OKEECHOBEE — Okeechobee County Public Safety Officer Ralph Franklin told Okeechobee County commissioners at their Nov. 12 meeting that he would be comfortable allowing the Local State of Emergency (LSE) for the COVID-19 pandemic to expire.
“I’m not. There is an outbreak going on right now,” said Commissioner Brad Goodbread. “The hospital is going to need additional supplies. I know they need additional help right now,” he said.
“We had some more deaths this week,” added Goodbread, noting he is personally aware of some recent COVID-19 deaths. The ones who passed away this week are not yet on the state report, he noted.
County Attorney Wade Vose said if an LSE is not in place, the county will have to follow normal purchasing policies in order to spend the Coronavirus Aid, Relief and Economic Security (CARES) Act money.
Mitch Smeykal of the Emergency Operations Center said the reason they cannot currently supply Raulerson Hospital is that Raulerson is a for-profit hospital.
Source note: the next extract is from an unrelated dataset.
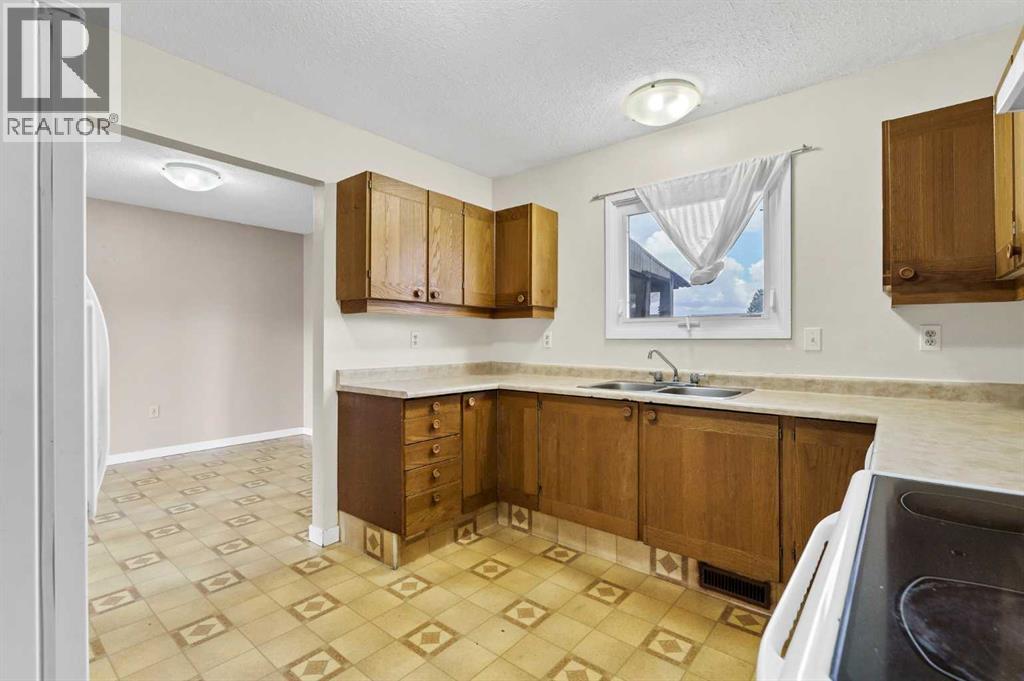 252 Ross Glen Drive SE - 15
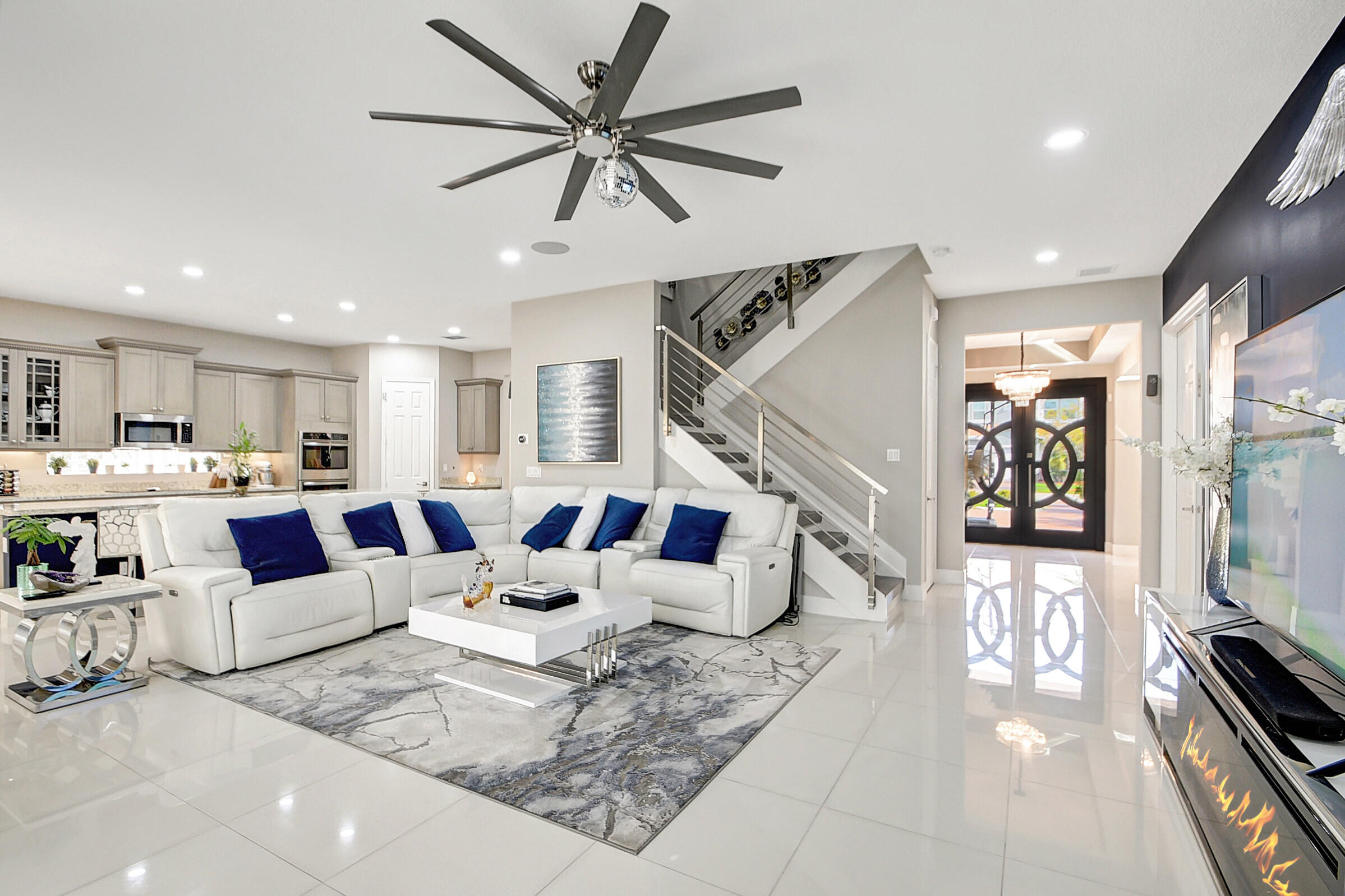 8952 Cypress Grove Lane, Royal Palm Beach FL 33411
He said earlier this year they were allowed to help the hospital with permission from the state due to the critical shortage of PPE (personal protective equipment).
Tiffany Collins of the Okeechobee Health Department said the health department is the lead agency for emergency support.
“We also support the hospital system,” she said. “One of the caveats being able to get back into elective surgery was that they were able to manage themselves and provide their own PPE.”
Collins said the United States has had more than 10 million cases of COVID-19 and more than 240,000 deaths.
Florida’s death rate is staying steady at 2%, she said. Okeechobee County also has a 2% death rate.
In Okeechobee County, 11% of all COVID-19 positive cases have required hospitalization, Collins said.
“Our positivity rate has increased from 6.77% to 7.3% over past two weeks,” she said. The median age for positive cases is 40.
“As of yesterday, there were six individuals hospitalized with primary diagnosis of COVID-19,” Collins said. She said Raulerson Hospital has no ICU beds available, but the hospital did not disclose how many of those in ICU are COVID patients.
She said a large international study found obesity was a high risk factor for pneumonia with COVID-19.
“You are at most risk if you have a BMI of 30 or greater,” she explained. BMI stands for body mass index. (For example, a person who is 5 feet tall and weighs 153.5 pounds has a BMI of 30. A person who is 5 feet 6 inches tall and weighs 186 pounds has a BMI of 30. A person who is 6 feet tall and weighs 221 pounds has a BMI of 30.)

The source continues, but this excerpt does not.